Duality orbits of non-geometric fluxes
G. Dibitetto, J. J. Fernandez-Melgarejo, D. Marques, D. Roest
TL;DR
This work demonstrates a clear dichotomy: all duality orbits in maximal $D\ge 7$ supergravities have geometric higher-dimensional origins, whereas half-maximal theories exhibit non-geometric T-duality orbits that necessitate genuinely doubled backgrounds in double field theory. By systematizing the embedding-tensor deformations and their quadratic constraints across $D=9$ and $D=8$ (maximal) and $D=8$ and $D=7$ (half-maximal), the authors show that DFT provides the higher-dimensional uplift for non-geometric cases through Scherk–Schwarz twists, including specifically constructed twisted doubles and $SO(n,n)$ embeddings. They also reveal degeneracies where the same gauging arises from distinct twist orbits, and highlight that relaxing the weak/strong constraints is essential to capture truly doubled backgrounds. The results have implications for understanding the stringy origin of non-geometric fluxes, the role of duality covariant formalisms, and the potential extension to broader theories beyond NSNS sectors. Overall, the paper clarifies when duality covariant frameworks add genuine new physics versus when they simply recast known higher-dimensional reductions.
Abstract
Compactifications in duality covariant constructions such as generalised geometry and double field theory have proven to be suitable frameworks to reproduce gauged supergravities containing non-geometric fluxes.
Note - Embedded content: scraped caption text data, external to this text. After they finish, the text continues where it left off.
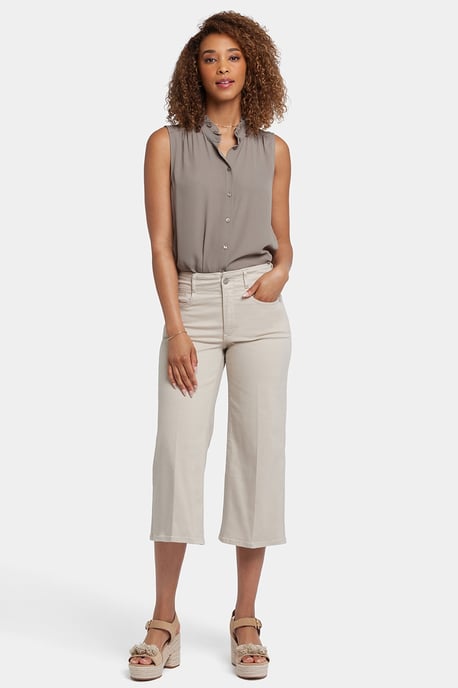 Brigitte Wide Leg Capri Jeans With High Rise - Image 4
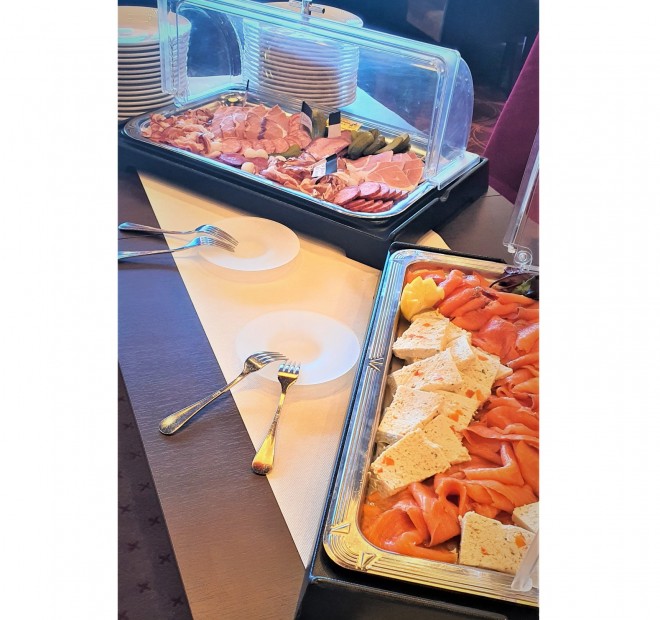 <h6 class='prettyPhoto-title'>Charcuterie and smoked salmon platters</h6>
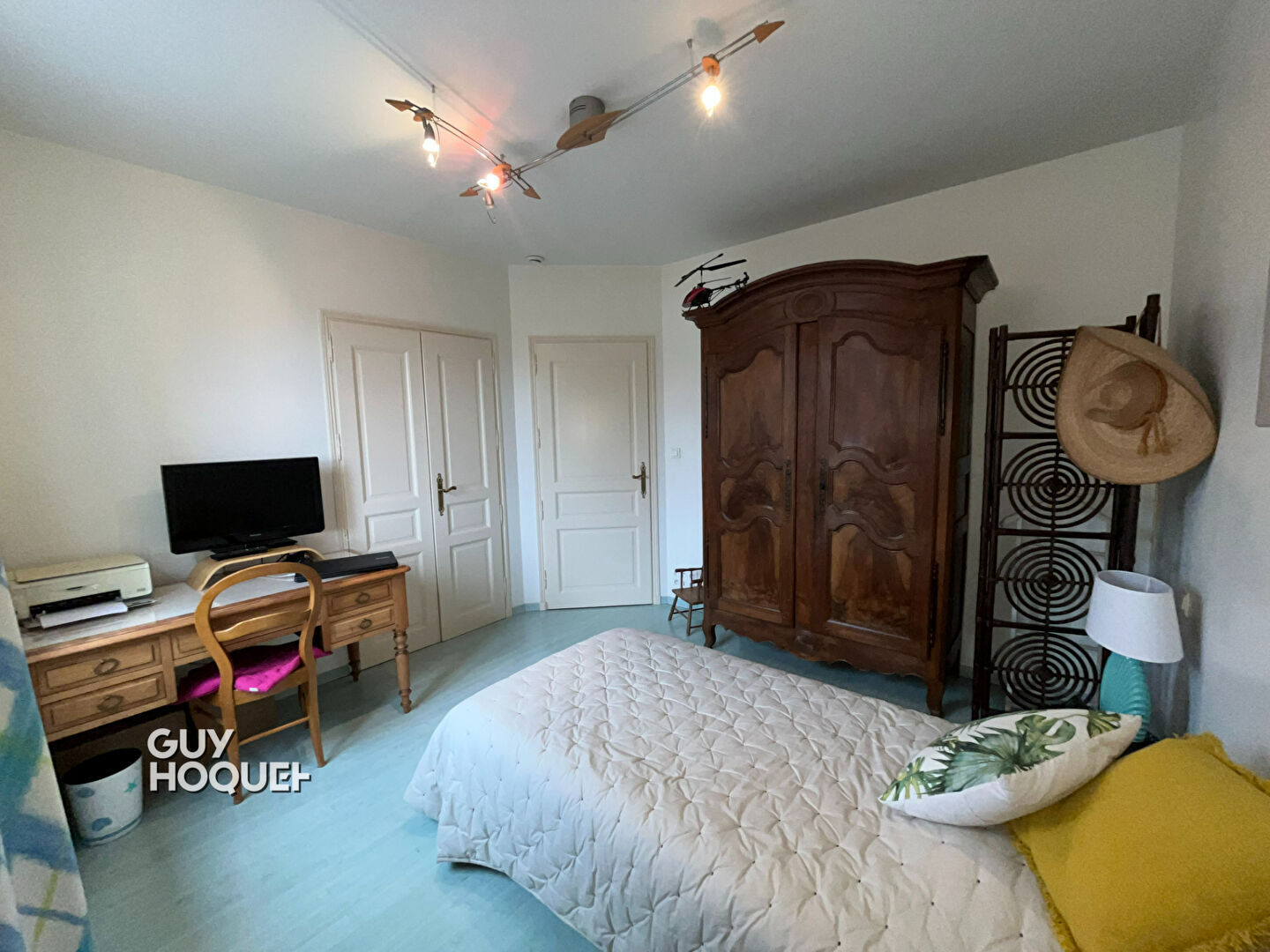 Maison plain pied avec piscine, dépendances et étang - Proche Paray-le-Monial !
However, it is a priori unclear whether these approaches only provide a reformulation of old results, or also contain new physics. To address this question, we classify the T- and U-duality orbits of gaugings of (half-)maximal supergravities in dimensions seven and higher. It turns out that all orbits have a geometric supergravity origin in the maximal case, while there are non-geometric orbits in the half-maximal case. We show how the latter are obtained from compactifications of double field theory.